Here you can read a really informative interview with Derek Webb concerning the Church, culture, his creative process, and of course, his new album “Stockholm Syndrome”.
Patrol Magazine is perhaps my favorite site I read, and this interview furthers secures its place in my affections. A favorite and very enlightening paragraph in the interview reads:
Stockholm Syndrome is the sound of me using the resources I have to create a barricade between my own community and the people I love more than anybody else in my life, who don’t understand (nor do I) the major disconnect between the way that Jesus loved people, and the way that Jesus’ followers love people. People have no problem with Jesus, this man who loved others so radically that he was killed for it. But many who now follow Jesus love others so poorly, and they seem more like those in the Biblical account who Jesus reserved the harshest language for. I’m as confused about that as my friends are. But it was time for me, personally, to draw a line and try to absorb for them, to join them on the line, absorbing this hatred that seems directed at them. I just couldn’t go another year in my personal life and not make some of these statements, simply because some of my best friends have been on the receiving end of that hatred.

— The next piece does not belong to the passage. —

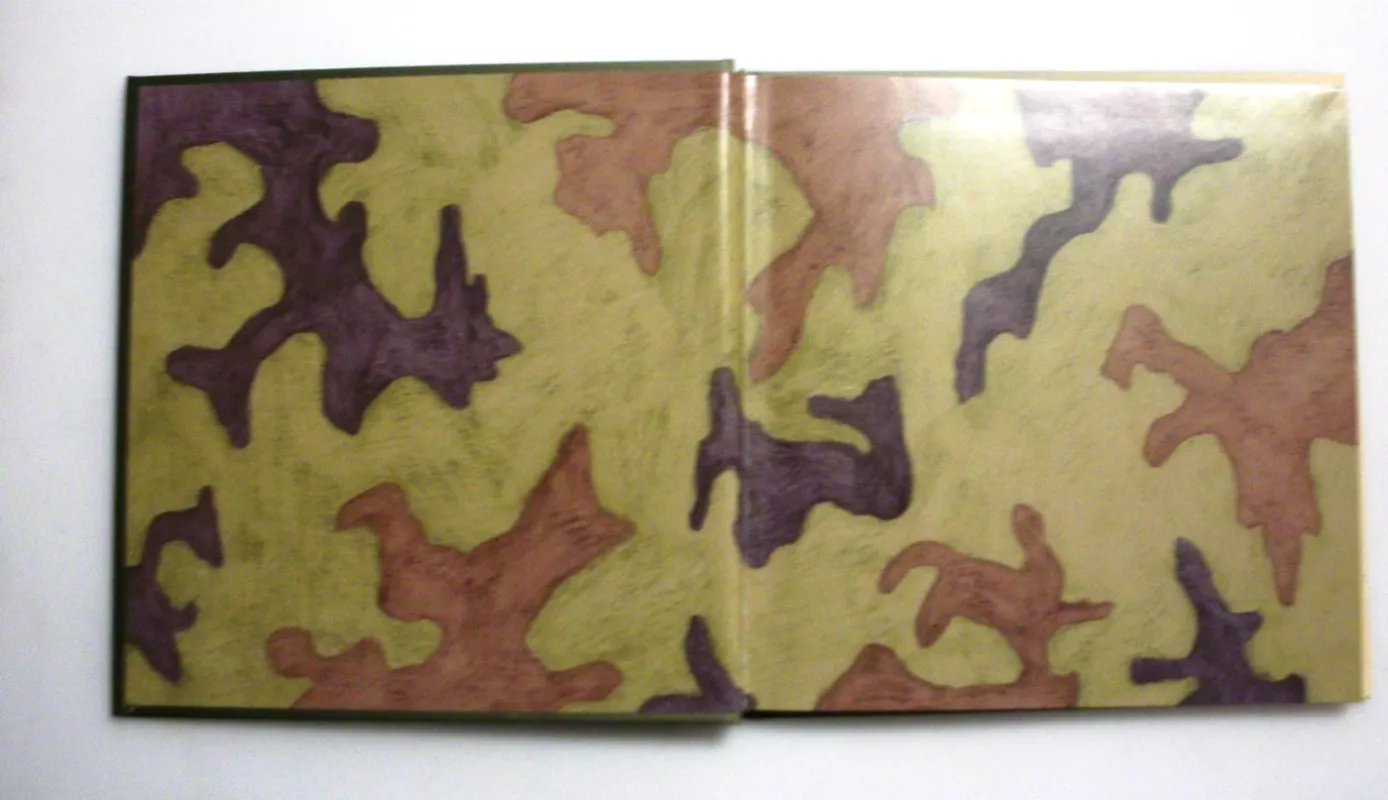 Mėgintuvėlis kariuomenėje - Renata Česūnienė, Laurynas Česūnas, knyga 6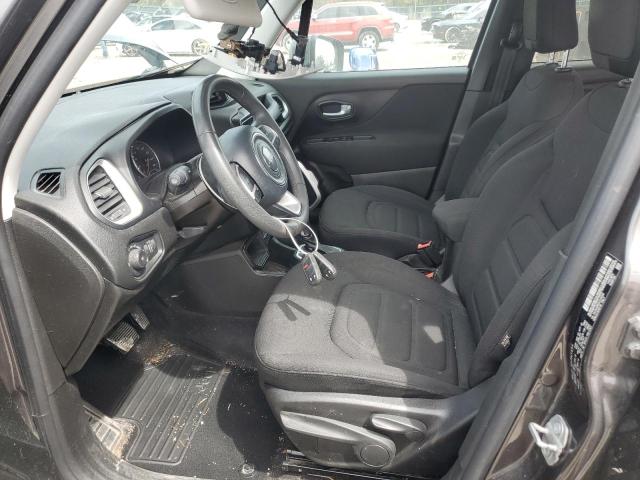  JEEP RENEGADE 2020 Gray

A commenter on a previous post I wrote on this album let me know from a personal conversation he had with Webb that he does not in fact see himself as a prophet. Just an artist making art about what the world looks like to him. Derek says:
Ultimately, my job is to look at the world and tell people what I see—and I literally see it as part of my job, to agitate people. I’m good at it . . . Controversy—it’s not something that I’ve intentionally manufactured. I don’t look for opportunities to make it happen. As a communicator, though, I would be stupid to not take advantage of every opportunity.
I must say, after this interview, I really do have a much more understanding picture of Derek Webb in my head. I see more of his heart, and as I’ve really worn out the album, I’m starting to “get it” more.